Mushroom Steak and Rice Dinner

Tonight’s dinner was to be a large dinner salad topped with steak, but I was not feeling much like a salad when it was time to get started.  So it was time for a little “Improv in the Kitchen”. 

Since the steak (thin sliced top sirloin, or breakfast steaks) was already cut into strips and in the fridge marinating, I figured I would rustle up some stuff to go with it.  Hmmm… Opening the fridge to take out the steak I saw the container of baby bella mushrooms, and a half a bell pepper.  This is getting easy fast.
Threw it on the counter and went to the pantry.  I grabbed an onion out of the basket, a can of beef broth, and the rice canister.  I pulled out the rice cooker and got the grains to cooking, then started chopping the onion and pepper. 

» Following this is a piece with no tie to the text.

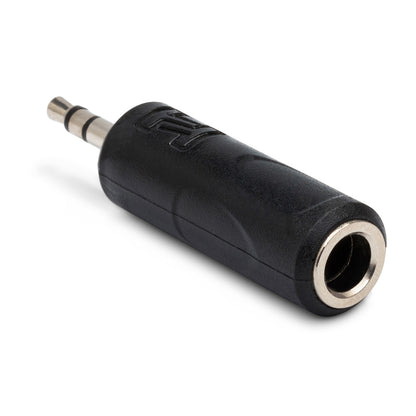 HOSA GMP-386 Adapter 1/4 in TS to 3.5 mm TRS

In my large skillet, I added some olive oil over medium high heat and then added the veggies and mushrooms. (I love the smell of onions and peppers cooking!)  As the mushrooms started soaking up all the oil I added splashes of the beef broth as well as salt and pepper, and pepper, and pepper…

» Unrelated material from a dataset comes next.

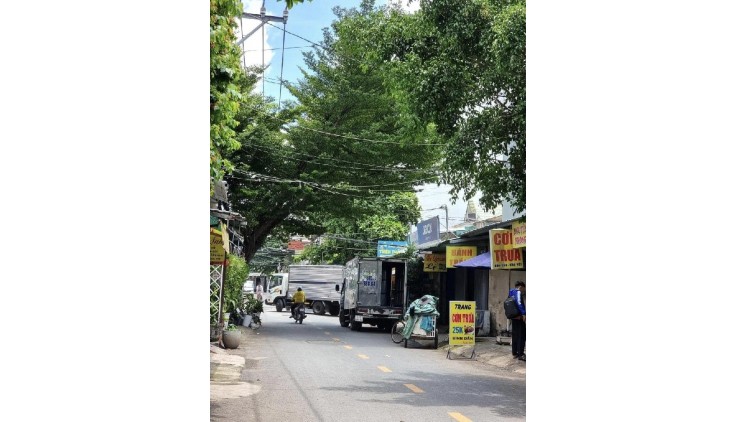 BÁN NHÀ MẶT TIỀN TÂN THỚI NHẤT 05 - 125M2, NGANG 5M HIẾM, NHÀ CẤP 4 TIỆN XÂY MỚI - GIÁP TÂN BÌNH - NHỈNH 8 TỶ.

Once the onions were almost done, I made room in the skillet for the steak and all the marinade (Ken’s Steakhouse balsamic & onion marinade, olive oil, white wine, and soy sauce) and continued cooking.  I also added the rest of the beef broth.  Stir every so often.

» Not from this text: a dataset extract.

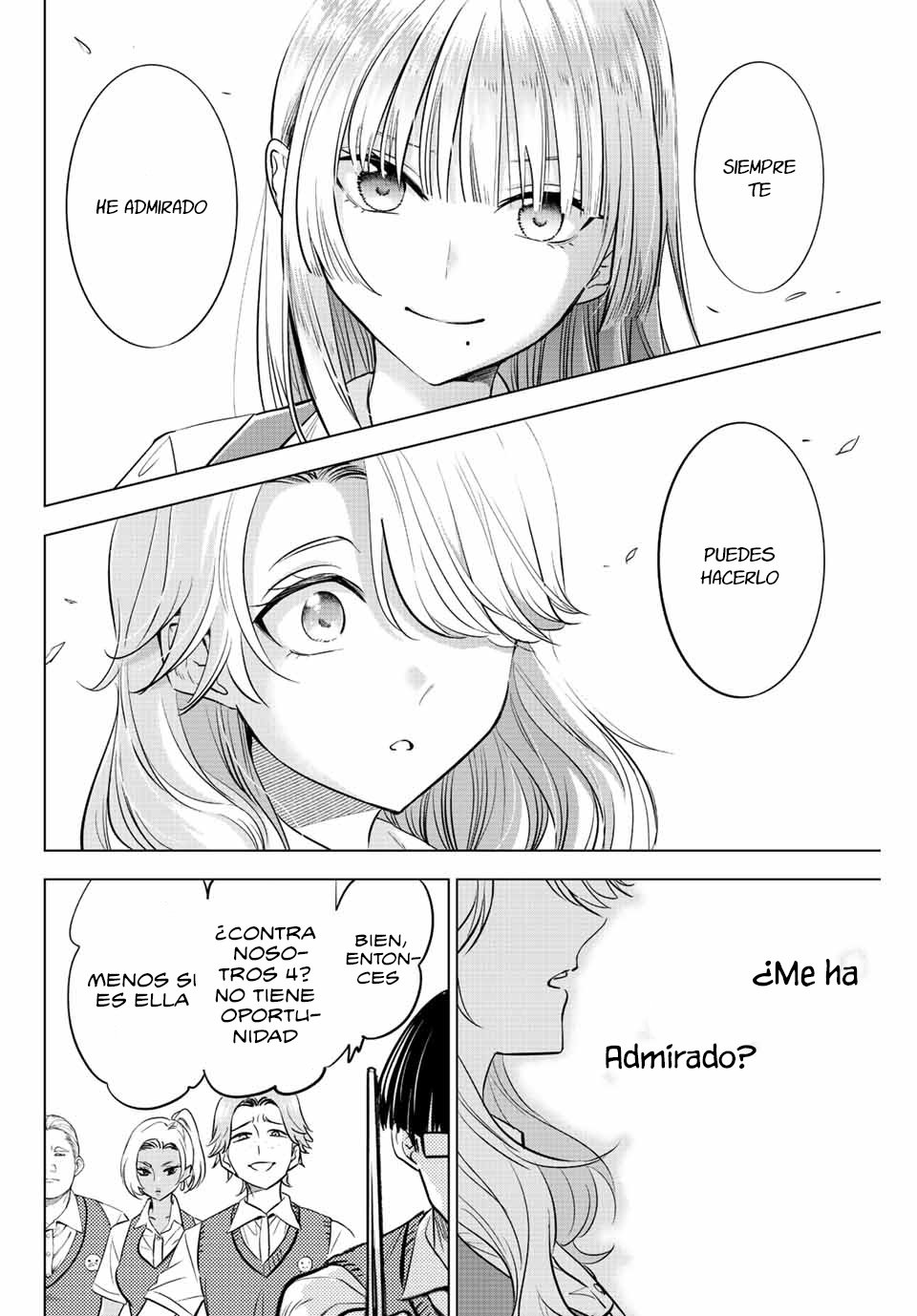 Kuroneko to Majo no Kyoushitsu Capitulo 22: El desaliento de Yuu Aries página 23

Once the meat is cooked, turn down the temp to simmer and add a can of drained garden peas can (frozen is better, but I was out).  At this point I am waiting on the rice to finish.  Once the “warm” light is lit on the rice cooker, I mix a heaping tablespoon of cornstarch and a half cup of water in the leftover pea can. (using the pea can saves on dirty dishes!) Stir this concoction well and add to the skillet.  Now stir the entire mix thoroughly to blend.  This will thicken the beef broth to the desired consistency to make a great gravy.
Put your rice in the bowl and top with your Mushroom Steak mix.



  1. I'm a huge lover of anything with mushrooms! I must say that this sounds delicious to me...but I have to omit the green peas. :)

  2. I understand Tina. Corn would work and add a color dimension as well.

  3. I want some! I'd love it with the peas too. I can't say that I love the smell of peppers cooking, but I adore onions sauteing very, very much. Your improv dinner looks absolutely fantastic.

  4. That looks absolutely delicious! A great improvised dinner.